03 Febbraio 2024

“I poeti sono pazzi”. James Carkesse o del poeta nato in manicomio

Di James Carkesse, come è lecito in questo frumento di fraintesi, si sa pochissimo, occorre scoprire la lince dietro la coltre delle supposizioni, funestare il levriero aggettivo. Nato, pare, intorno al 1636, morto che doveva compiere cinquant’anni, ha scritto una delle raccolte poetiche più funamboliche del regno inglese. S’intitola Lucida Intervalla, viene stampata a Londra, Anno Dom. 1679. Il sottotitolo è un programma di poetica: Containing divers Miscellaneous Poems, Written at Finsbury and Bethlem by the Doctors Patient EXTRAORDINARY. La straordinarietà del paziente è urlata in maiuscolo.

I testi poetici, in effetti, sono stati scritti dall’internato di genio negli intervalli di lucidità durante il ricovero forzato negli ospedali psichiatrici di Finsbury e Bethlem (o Bedlam). Sono scritti di getto, senza un programma editoriale o progettando un’opera.
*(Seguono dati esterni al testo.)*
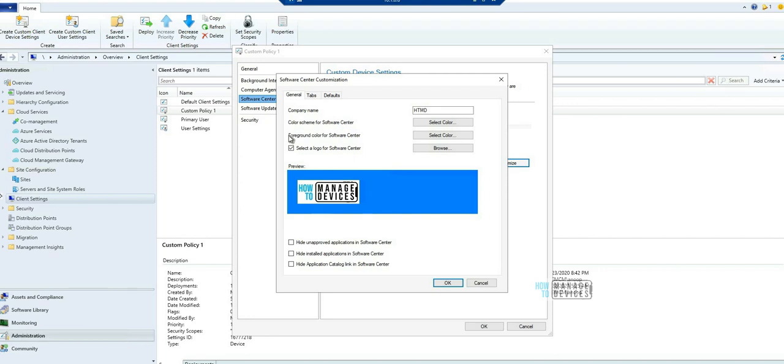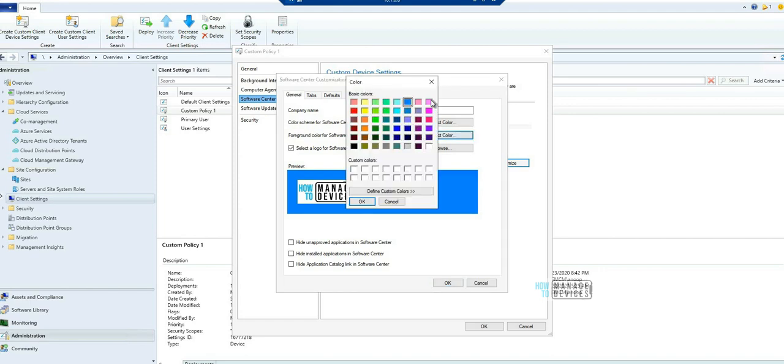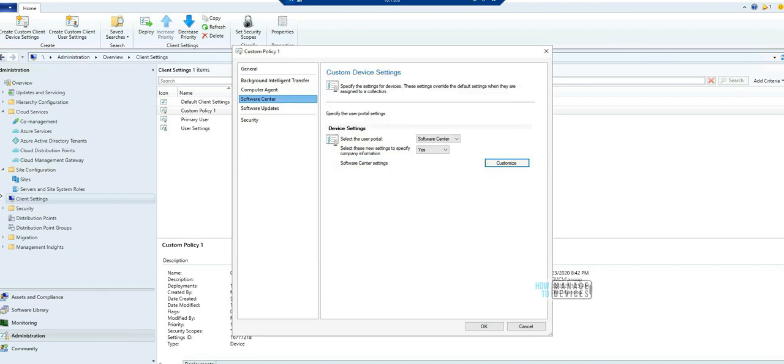I think foreground color for Software Center is the new option where this option can help us to brand our organization in a correct way. For example, if your organization have a particular branding and you cannot do that with some font colors, then foreground color is very important. With 2103 version you can use this option foreground color for Software Center. Now you can configure a custom color for the foreground font.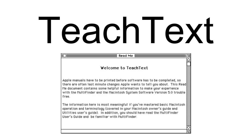TeachText was later superseded by SimpleText, and with the arrival of Mac OS X, both were replaced by the TextEdit application inherited from OpenStep.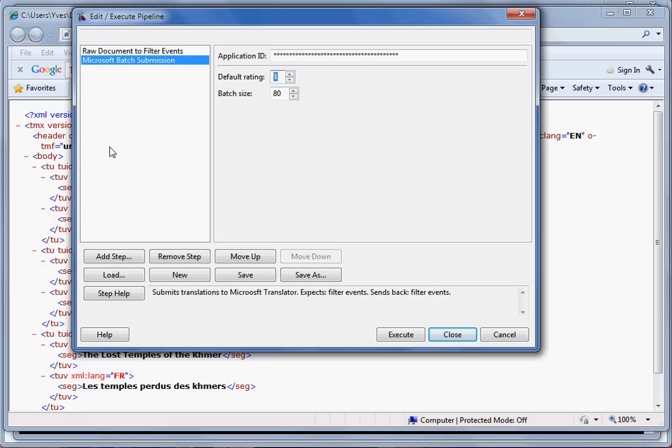This value is important because if it's above 5, it will take precedence over the default machine translation provided by Microsoft. In this case, let's put it to 6.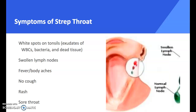Symptoms of strep throat include what we just saw: swollen lymph nodes — you can see in the picture where you would feel around and check for those lymph nodes. You have constitutional symptoms like fever and body aches. With strep throat you do not typically have a cough, and sometimes you can have a rash, and obviously a sore throat.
Lucidità: il lucore della follia. Che l’ispirazione persegua i suoi scopi per intervalli e velature, lungo la vallata dello sterile giorno, è cosa nota. Di solito, Lucida Intervalla è trattato alla stregua di un ‘caso clinico’, trattenuto tra le maglie dello ‘studio’: “è forse la prima raccolta di versi scritta e pubblicata da un detenuto in manicomio… riflette la natura intricata e ambigua dell’appartenenza del paziente al mondo dei pazzi… offre una panoramica delle implicazioni culturali della follia e della cura nell’Inghilterra del XVII secolo e approfondisce la problematica relazione che lega la follia alla creazione poetica” (così Lisanna Calvi in “Is’t Lunacy to call a spade, a spade?”: James Carkesse and the Forgotten Language of Madness, “Spell”, 2013).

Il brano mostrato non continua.